By way of background, valuations of interests in corporations and partnerships for estate, gift, and generation-skipping transfer tax purposes can currently be discounted for minority ownership, lack of marketability, and lack of control. This allows a taxpayer to transfer family owned entities to the next generation at a discount from what the underlying value is. The new rules would eliminate the lack of control discount and suppress the lack of marketability discounts that are typically available.

We believe the main points of the proposed regulations are as follows:

  • Transfers within three year rule (“deemed death bed planning”) – The proposed regulations have added a bright line test for lapsing rights. If transfers within three years of death result in a lapse of a liquidation right for the transferor, the transferred shares will be included in the transferor’s gross estate for Federal estate tax purposes. Per the IRS, this bright line test will avoid the fact-intensive inquiry which both the IRS and the taxpayer must go through to determine a donor’s subjective motive.

We personally believe that this is a gross over-reach by the IRS.  Three years is a long time, and a company’s strategic plan may be updated several times within that time-frame.
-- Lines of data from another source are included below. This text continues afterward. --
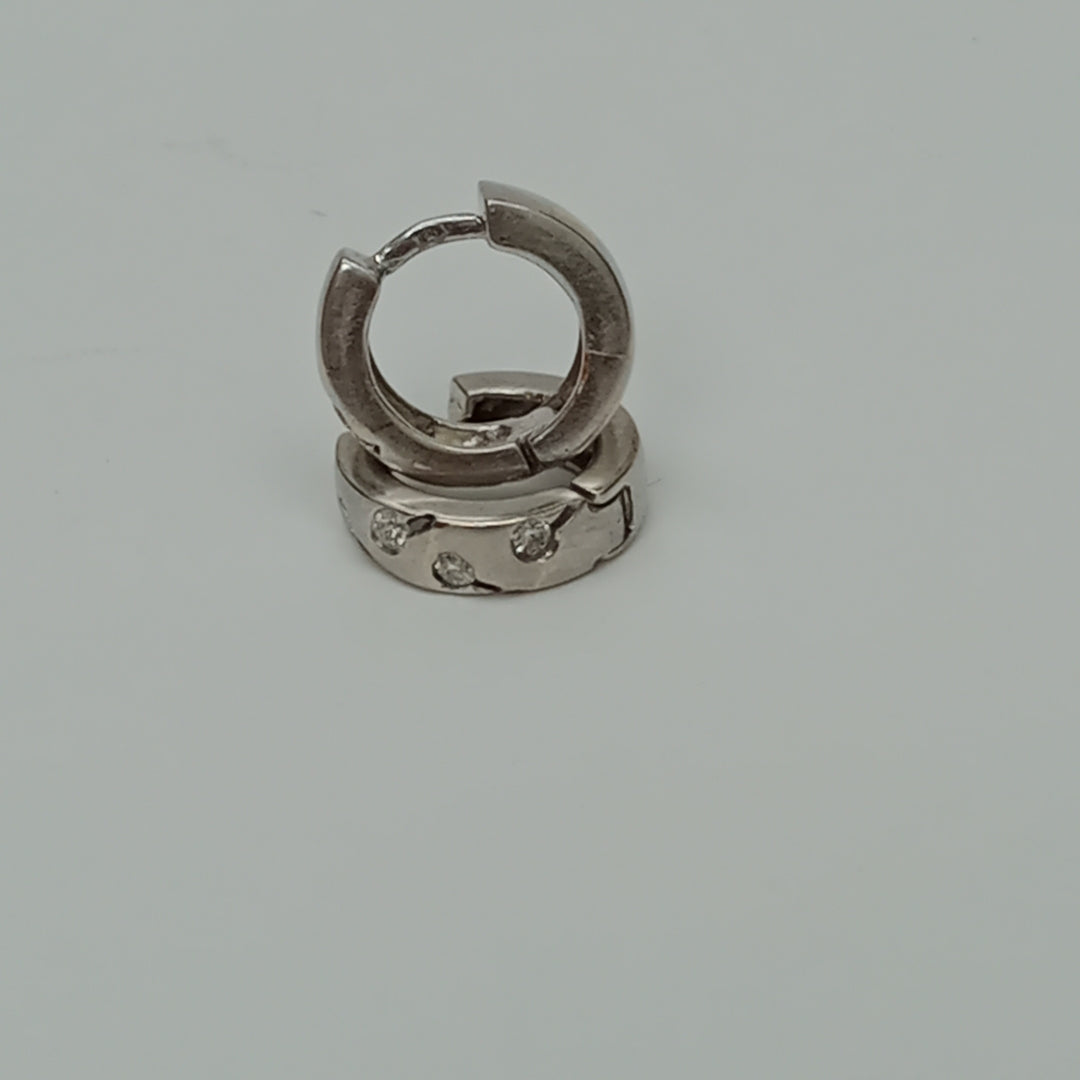 ARRACADAS PAR ORO 14 K 3.5 GRMS (SEMINUEVO)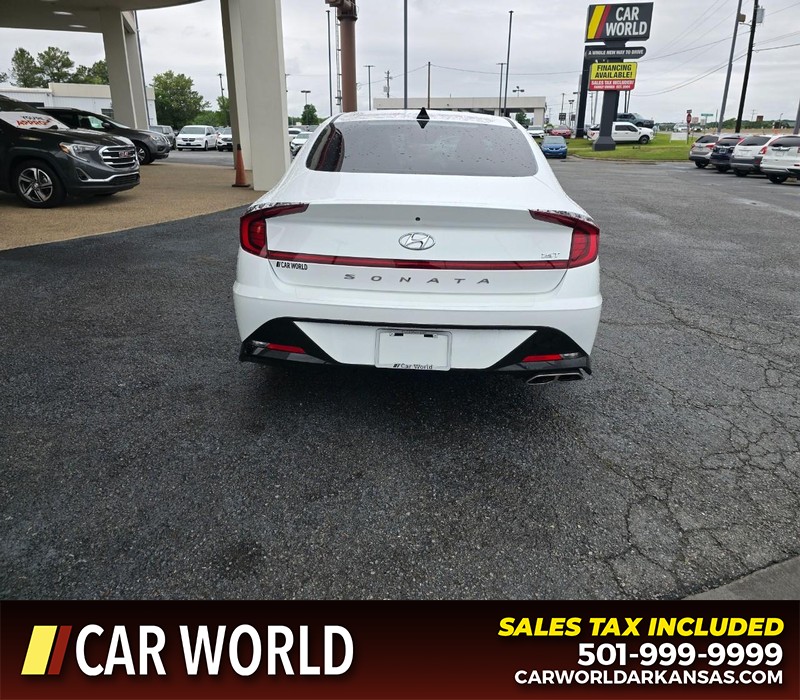 Hyundai Sonata Vehicle Full-screen Gallery Image 5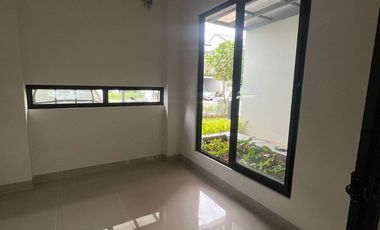 Dijual Cepat Harga Termurah  Rumah Semi Furnished di Summarecon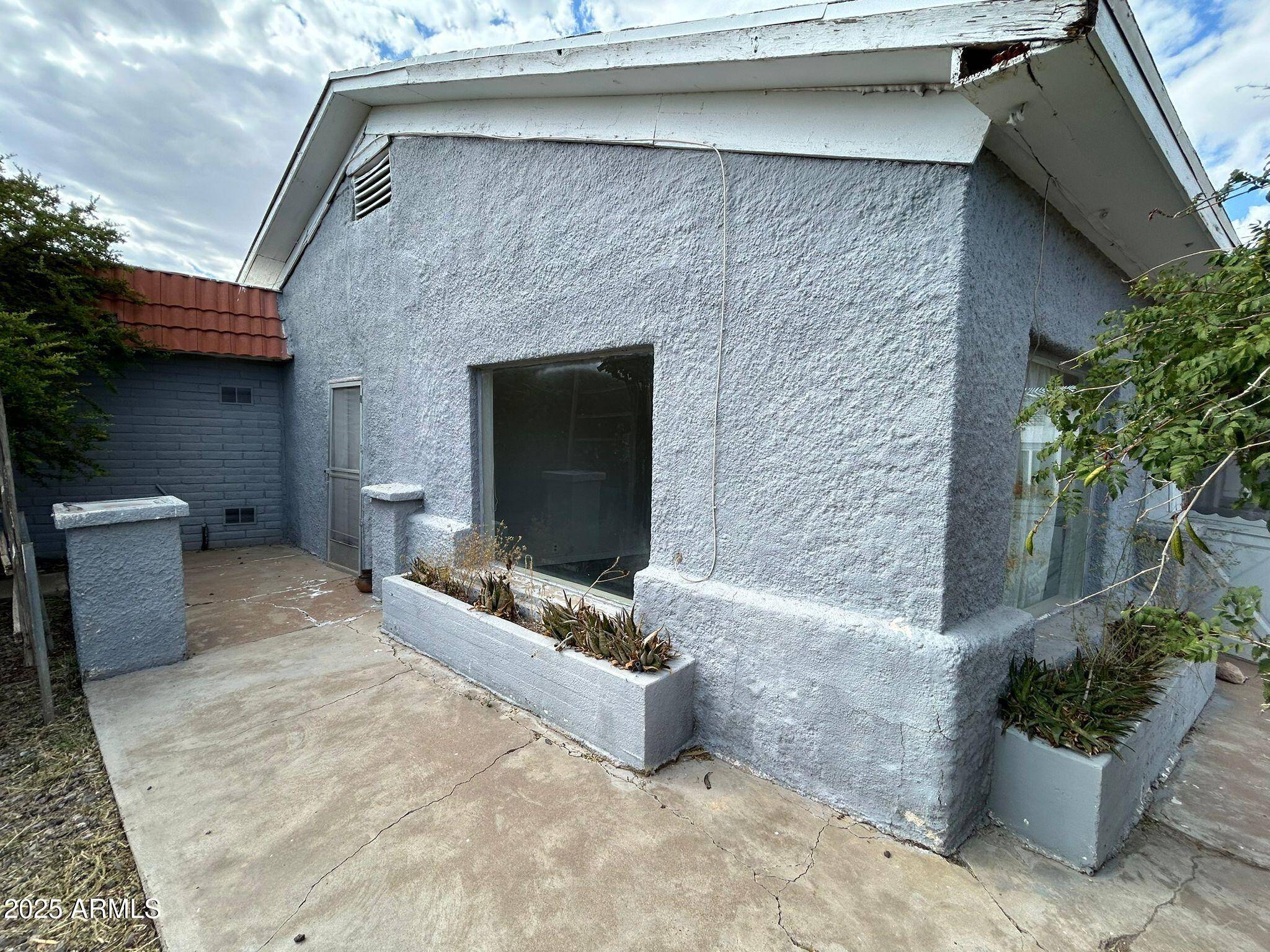 Douglas, AZ 85607,1610 N SULPHUR SPRINGS Street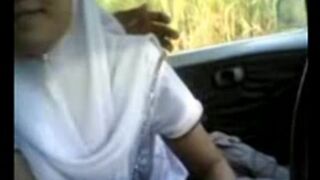 petite malay girl giving bj in a car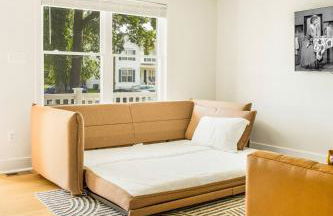 Walk to the Beach & Town | Stylish Beach Home - Foto 29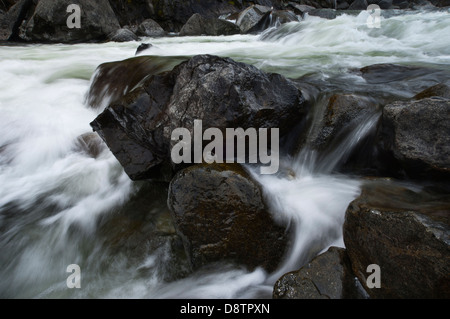 Die Wenatchee River fließt durch Tumwater Canyon, National Forest Okanogan-Wenatchee, Washington, USA Stockfoto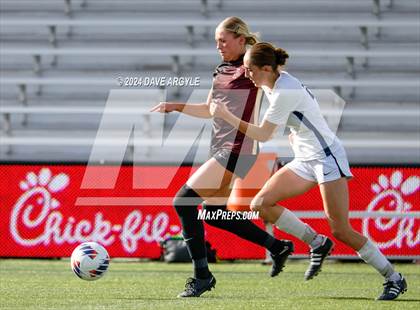 Thumbnail 3 in Syracuse vs Lone Peak (UHSAA 6A Semifinal) photogallery.
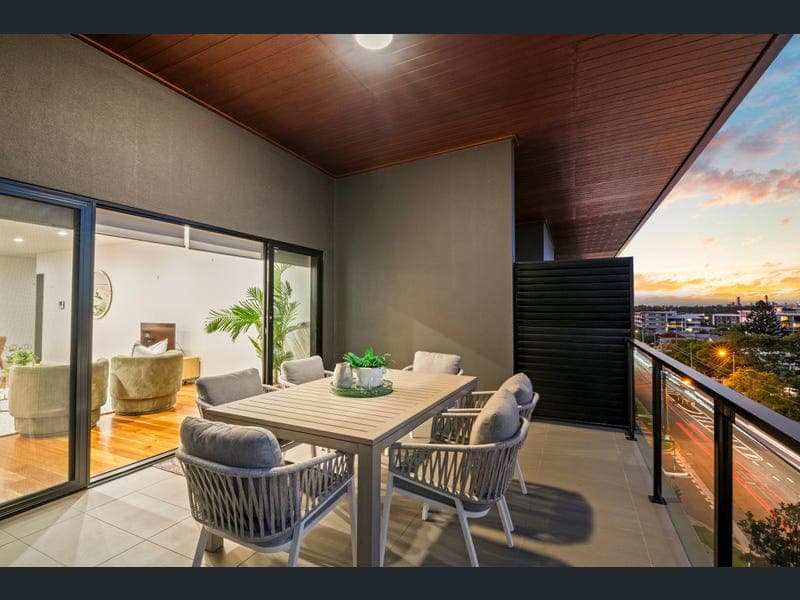 407/6 Quarry Road, Sherwood — photo 1 of 5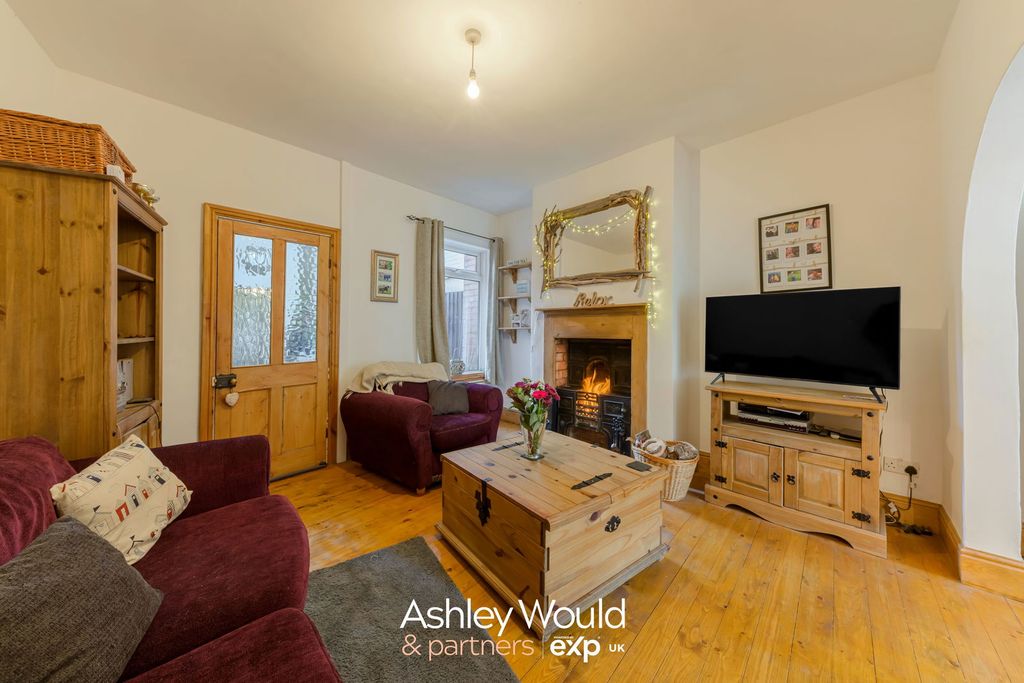 Property photo 3 of 16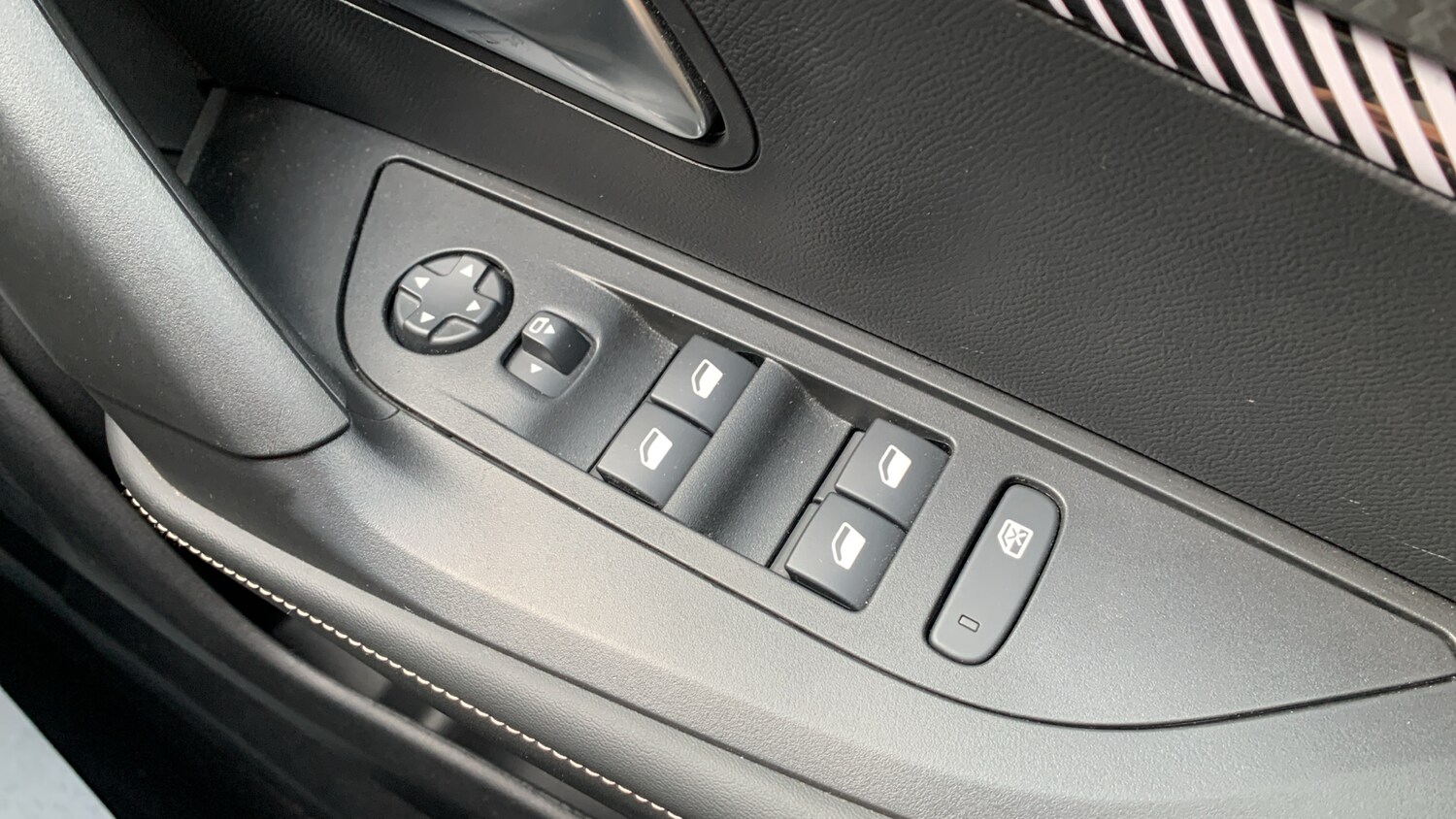 Used Peugeot 2008 2024 for sale - 75992288: Photo 22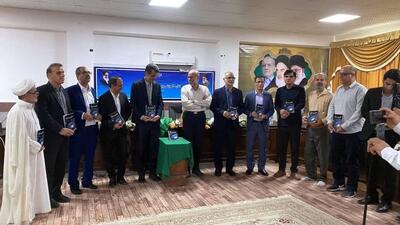آیین رونمایی و نقد مجموعه شعر «فانوس‌ دست‌ باد» در بُردخون برگزار شد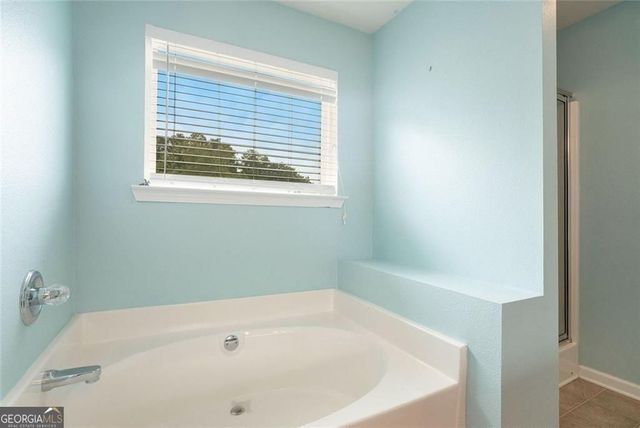 126 Wellbrook Court NE, Conyers, GA 30012
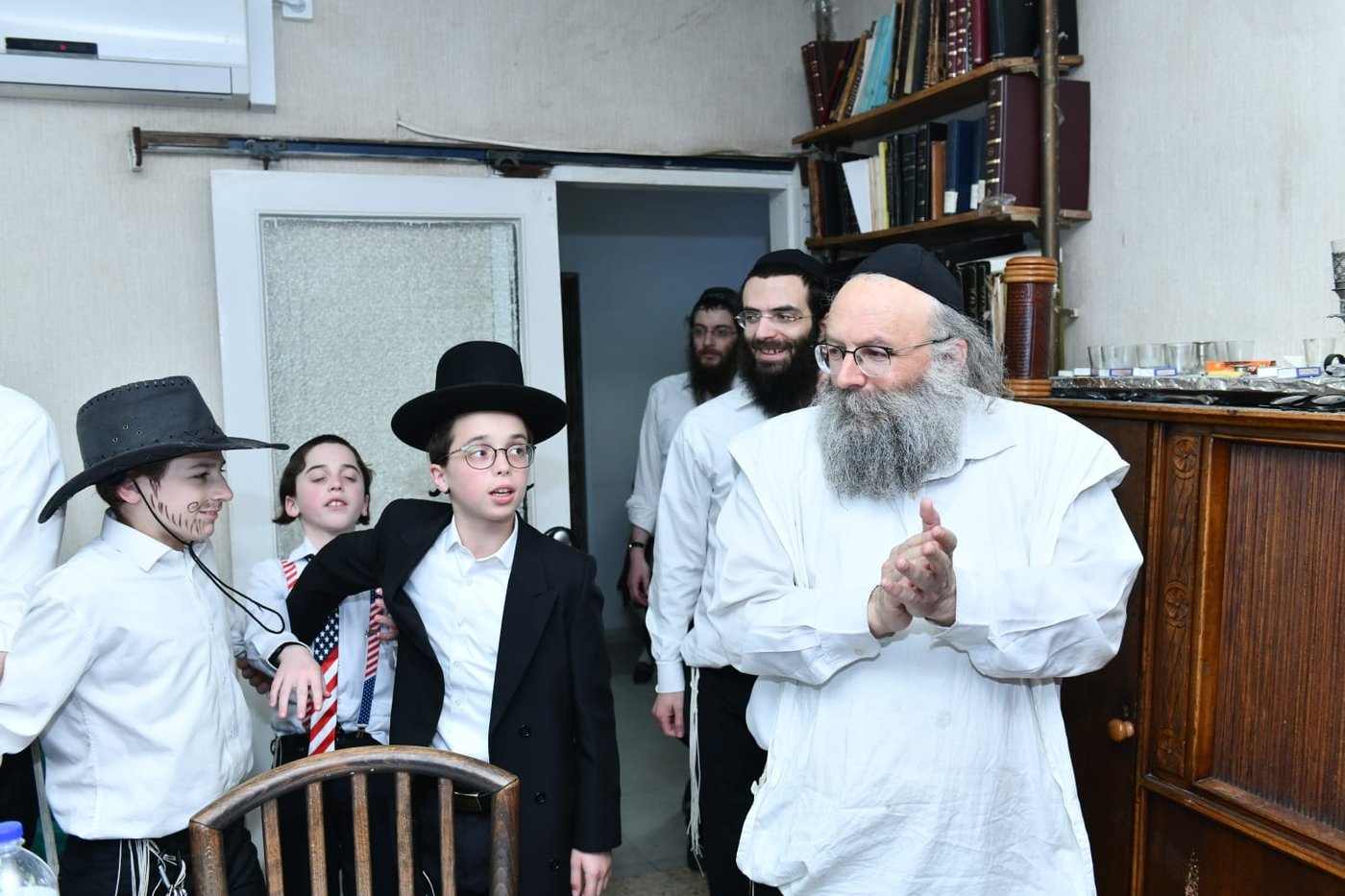 רגע נדיר: הגר"מ גריינמן שמח עם הנינה. צפו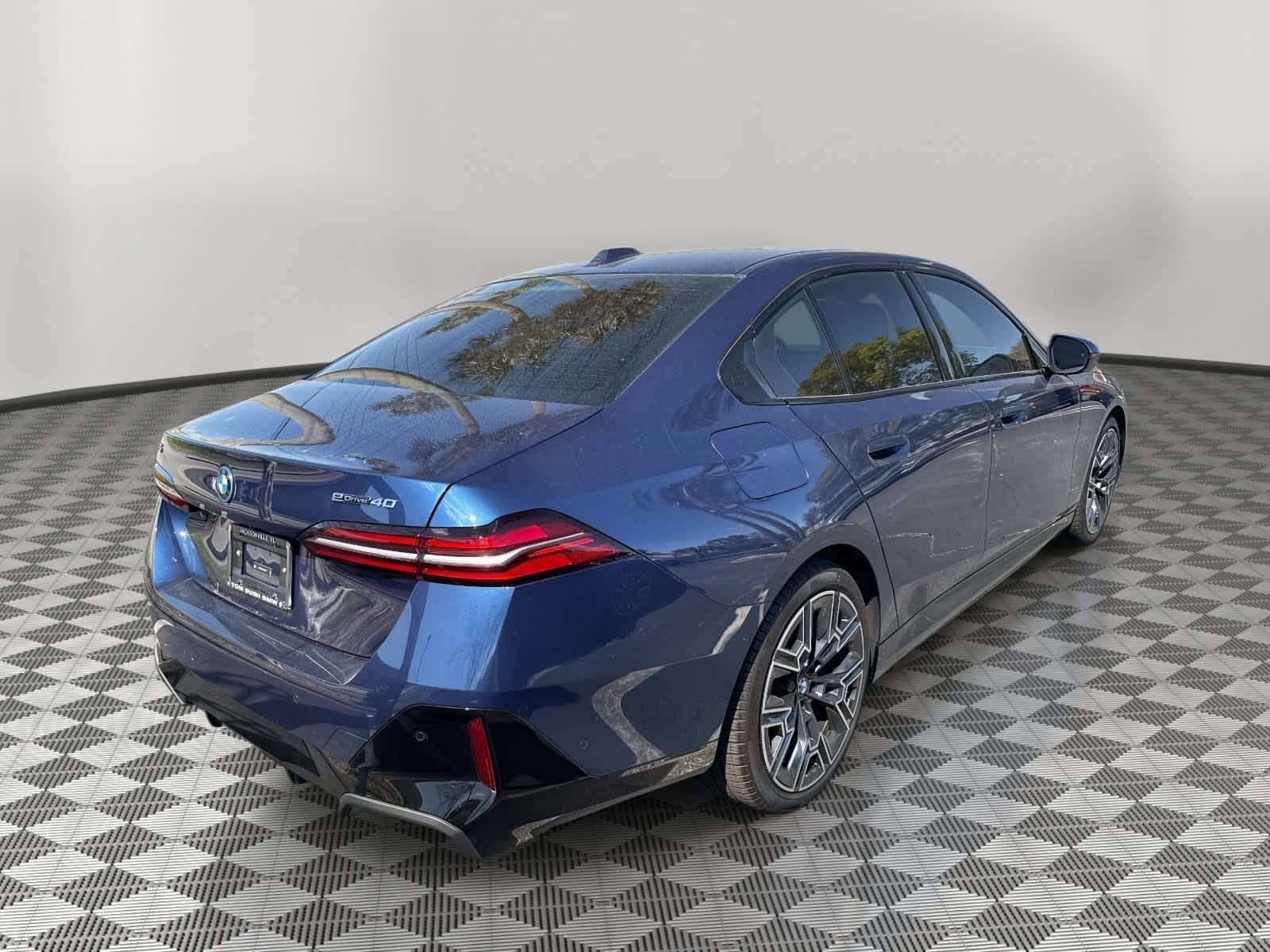 2026 BMW i5 eDrive40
  • Disregarded restrictions – This is the most far reaching aspect of the proposed regulations, which essentially values transfers of interests in family-controlled companies as if the holder has a put right to sell the interest within six months. They will allow the holder to be paid by a note as long as the note is at market rates (no AFR) and the term is no longer than six months.

How many companies operate in such a manner where all shareholders can (in theory) take their share at any time? Is every company now required to keep cash on hand or maintain enough untapped credit to fund the liquidation events when requested?  Many valuation experts believe this “put right” would create a new form of discounting in and of itself.

  • Definition of family control – The regulations have tightened the definition of family control of an entity. The IRS concluded that the grant of an insubstantial interest in the entity to a nonfamily member should not preclude the application of 2704(b), because such nonfamily member interest generally does not constrain the family’s ability to remove a restriction on the liquidation of an individual interest. The IRS concluded that the presence of a nonfamily-member interest should only be recognized where the interest is economically substantial and longstanding, thus likely to have a more substantive effect.

In essence, no inviting friends and neighbors to join the family business to circumvent the rules.

To date, the regulations are proposed, and are not effective until made final and promulgated.  Most proposed regulations, even non-controversial ones, are generally not finalized for two or more years. 

And, let’s not forget our new President-elect.  Trump’s campaign called for a repeal of the federal estate tax.  Many believe this is simply unaffordable and unpassable in a Senate where he does not have a filibuster-proof majority.  However, we may see an estate tax overhaul whereas the current top federal estate tax rate of 40% is traded for a softer capital gains tax rate at 20%.

Nothing is certain but uncertainty.  As we’ve seen in the past, any changes in the law are subject to change in the future but we believe valuation-based planning will remain an important strategy for estate tax purposes for years to come.